In the article there are discussed two other aspects too, which prove that the conditions of using QE are quite different in the USA than in the Euro area. First point is that the financial behaviour of US-enterprises is mainly market based, while it is dominantly bank based for EU-enterprises. So if investment finance is needed changing interest rates on bond markets by QE are less important for European enterprises than for US-enterprises. Second point is that allotment of central bank money by the Federal Reserve System will be enforced already by outright purchases of bonds, i. e. by non-reversed transactions and thus in the same way as QE is to be enforced, while allotment of central bank money by the Eurosystem in normal times will be enforced quite different by reversed transactions. So QE is a fundamental change of system in the liquidity-providing process of the ECB. And by using QE the ECB threatens its existing advantage of an automatic liquidity-absorbing mechanism, which is involved in the process of reversed transactions.

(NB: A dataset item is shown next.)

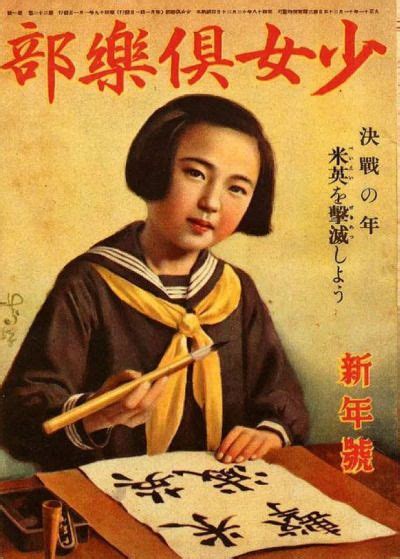 Shoujo kurabu 少女倶楽部 Girl club magazine cover Japan January 1944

Furthermore different risks of very low interest rate levels are discussed in this article. In this context a critical view will be thrown on the role of forward guidance as another non-conventional monetary policy measure used by central banks to ensure low interest rate levels for an extended period of time. In the whole it will be shown that especially in the case of the ECB there exist no convincing reasons to use non-conventional measures in such a intensity and for such a long time to increase effectiveness of monetary policy. So other intentions of using non-conventional measures are discussed here, which have to be put in order outside the narrow sphere, that is associated with monetary policy. For example to aspire to risk transfers from the balance sheet of commercial banks to the balance sheet of the ECB by outright purchases of bonds, or to circumvent the legal ban to grant credits directly to the public sector by putting commercial banks to grant these credits and pass them to the ECB after a short time, or to force depreciation of the Euro foreign exchange rate, to improve economic situation within the member countries of the Euro currency area and to force imported inflation.